E quem melhor representa as pessoas livres na cobertura de possíveis déspotas e nas ameaças da tecnologia a vários séculos de direitos conquistados com tanto esforço? Uma imprensa livre e forte, aponta Doctor.
Para isso, uma das principais funções do jornalismo é lembrar, trazer à memória, para conectar ontem a hoje e amanhã. Mas não é algo fácil. Doctor afirma que houve uma reação contra as plataformas após os escândalos do Facebook nas eleições norte-americanas de 2016. “Mas aqui estamos novamente, como Emily Bell aponta, entrando em outra eleição com os mesmos problemas – e enormes questões que vão muito além do gigante social”, diz.
E continua:
“Quem melhor se posiciona do que aqueles que há muito defendem os povos livres e o pensamento livre? Quem melhor para fazer isso – e talvez seja recompensado por isso no suporte ao leitor – do que a mídia orientada para sua missão? O renascimento dos negócios da imprensa é parte integrante de sua defesa das pessoas a quem serve”.
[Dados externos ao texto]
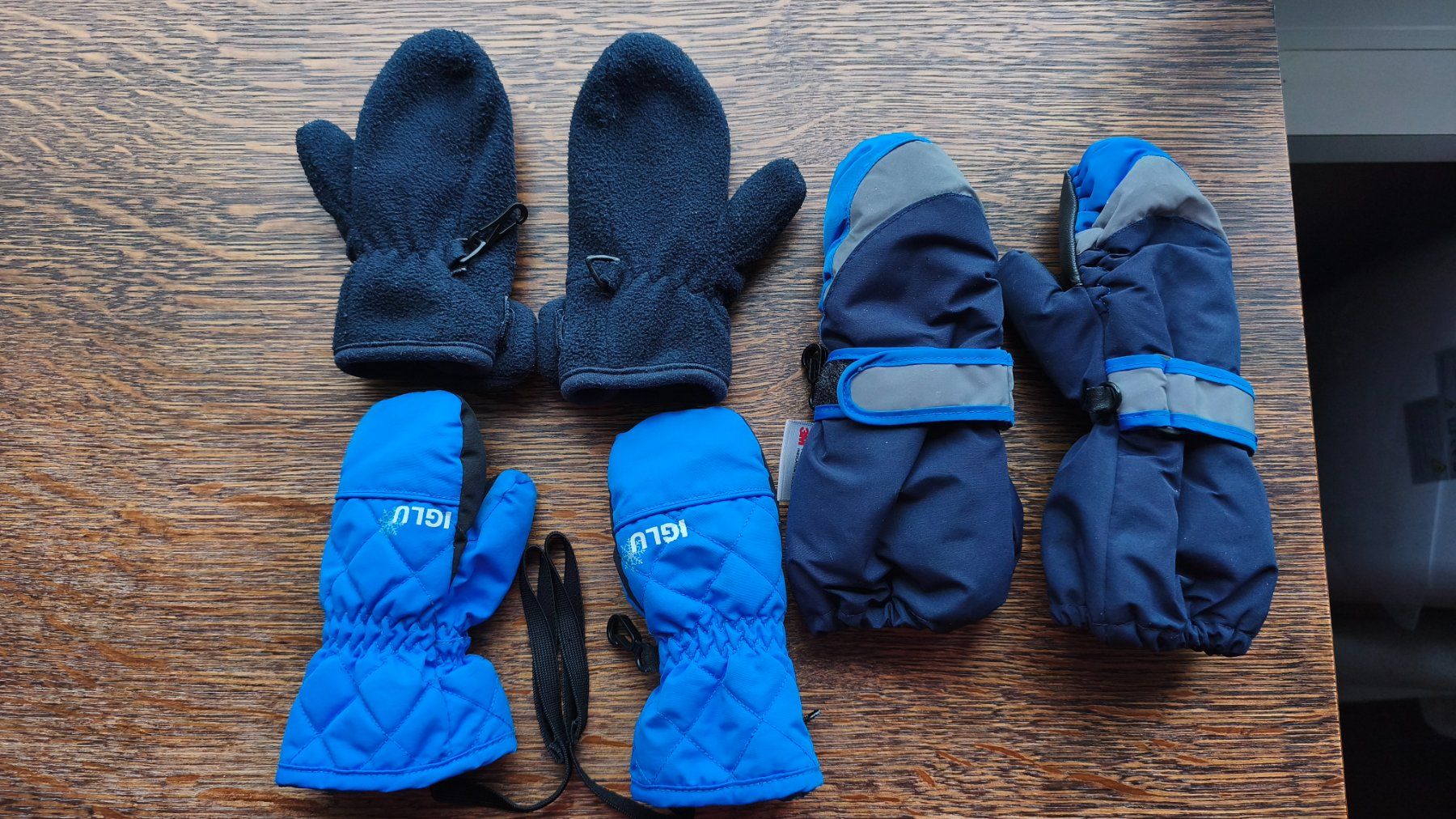 Gants: Skihandschuhe mit Reflektorstreifen – D'occasion à Steinhausen par par_zj7c 5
5. Assinaturas digitais podem crescer
Quando se trata de assinaturas, é impossível não citar a Netflix. Segundo Ken Doctor, a empresa criou uma nova categoria de demanda de clientes: a vontade de pagar. Atualmente, são 167,1 milhões de assinantes, sendo 8,8 milhões adicionados no quarto trimestre de 2019.
O que isso ensina para o futuro da indústria de notícias? Segundo Doctor, que não há limite natural para as assinaturas digitais, embora os repórteres de mídia gostem de lhe fazer essa pergunta.
“Crie uma proposta de valor que funcione e que os consumidores paguem. Obviamente, a escala nacional e global – o que a internet fornece – é extremamente útil. É a proposta do produto que impulsiona o pagamento”.
E ele instiga: considere todas as histórias de sucesso de assinaturas digitais em notícias: The New York Times, Financial Times, The Wall Street Journal, The Washington Post, The New Yorker, The Athletic, The Boston Globe, Star Tribune, entre outros. E se isso for apenas o começo? Poderiam produtos melhores – com conteúdo cada vez mais útil, com preços e dados utilizados de maneira inteligente – reproduzir parte do sucesso em escala do streaming?
Em uma palavra, Doctor diz que sim. E essa é a melhor esperança para a próxima década, segundo ele.